Goal of the exercise => What is needed is an exact reproduction of the listing, without its pictures.

Data listing =>
○ ○ ○ ○

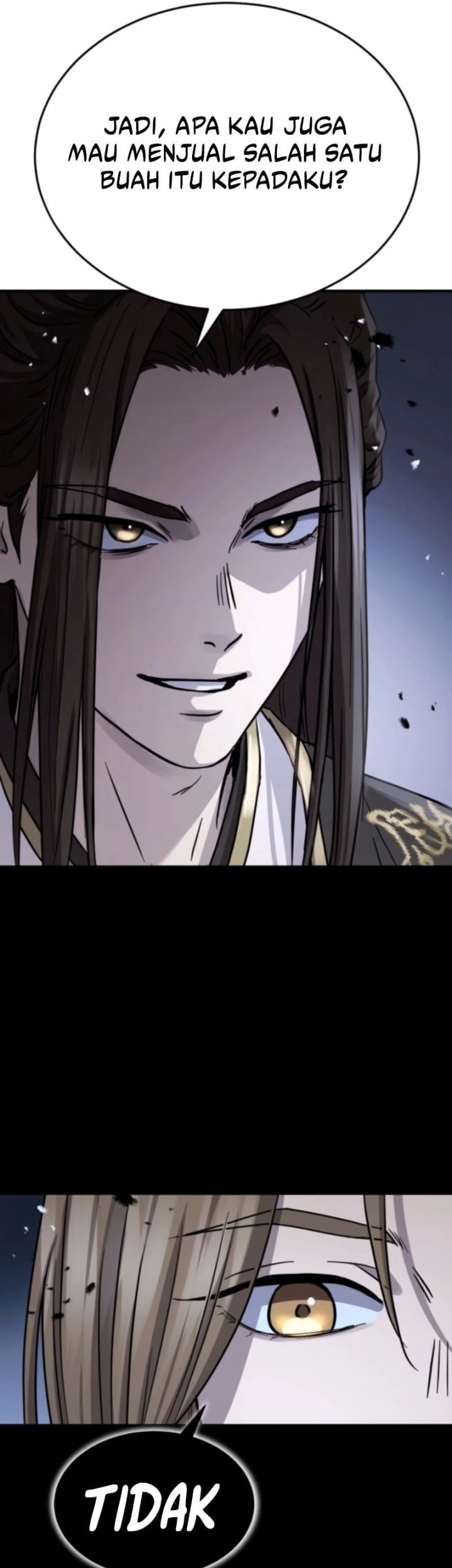 Absolute Dominion Chapter 57 - halaman 73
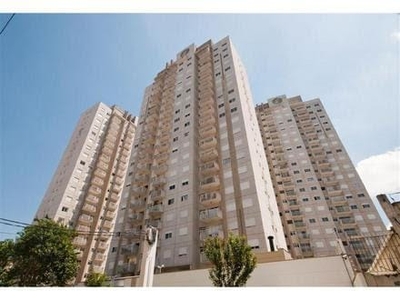 Apartamento em Cambuci, São Paulo/SP de 53m² 2 quartos à venda por R$ 409.000,00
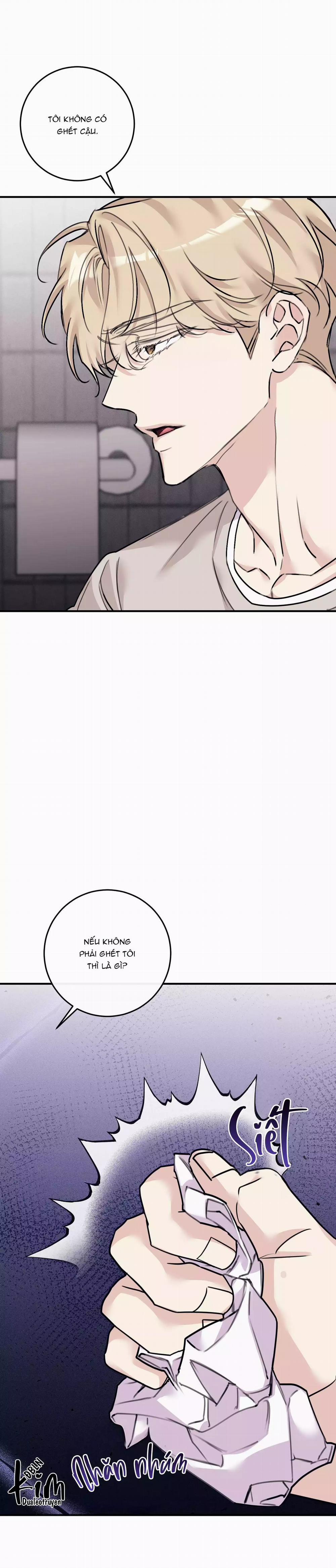 Quan Hệ Cộng Sinh Giữa Trời Và Trăng 35 trang 31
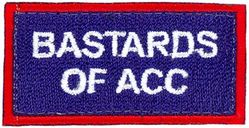 434th Flying Training Squadron Morale Pencil Pocket Tab
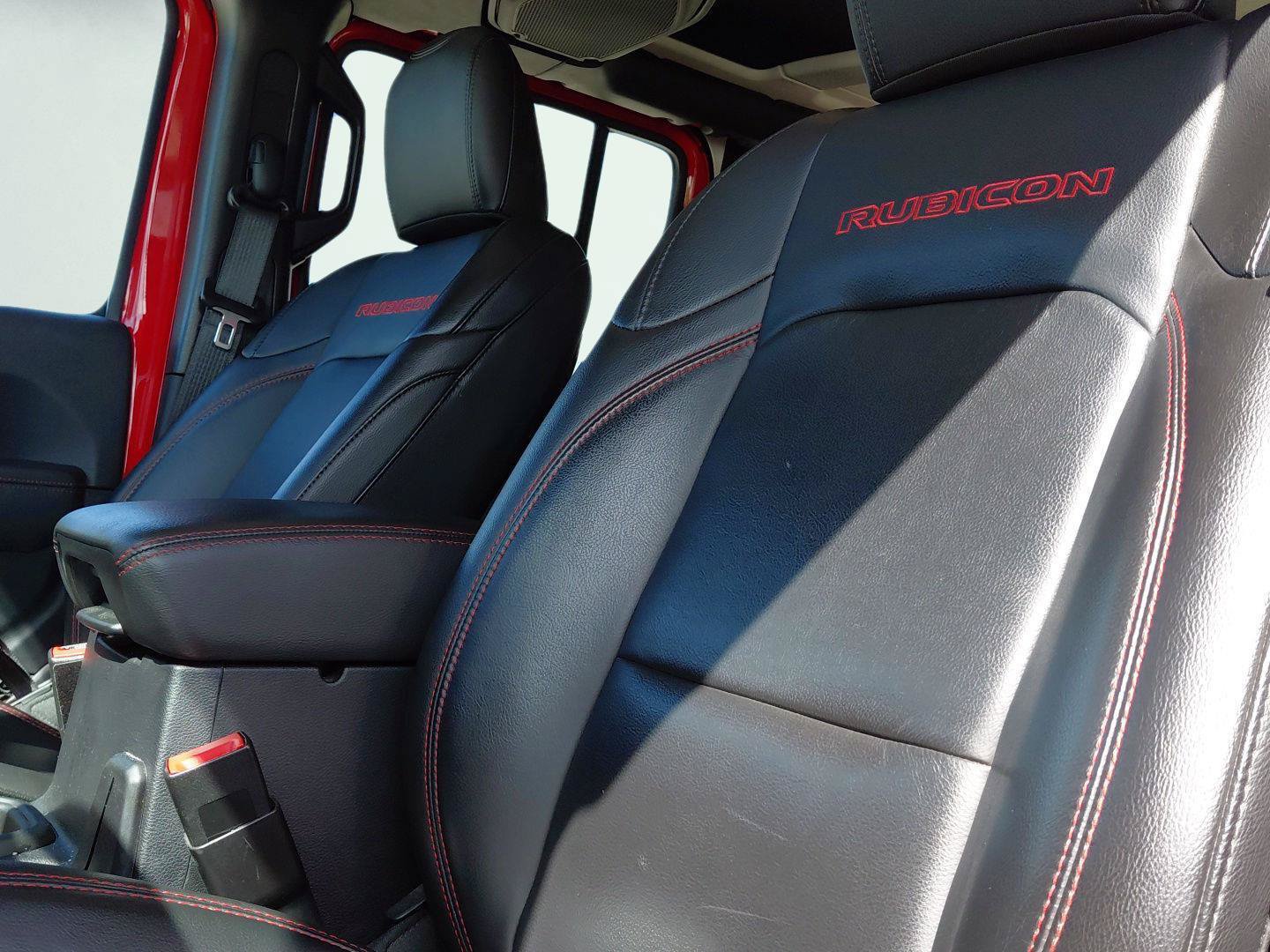 Used 2020 Jeep Wrangler Unlimited Rubicon AWD/4WD image 10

○ ○ ○ ○

Exercise solution =>
 Absolute Dominion Chapter 57 - halaman 73
 Apartamento em Cambuci, São Paulo/SP de 53m² 2 quartos à venda por R$ 409.000,00
 Quan Hệ Cộng Sinh Giữa Trời Và Trăng 35 trang 31
 434th Flying Training Squadron Morale Pencil Pocket Tab
 Used 2020 Jeep Wrangler Unlimited Rubicon AWD/4WD image 10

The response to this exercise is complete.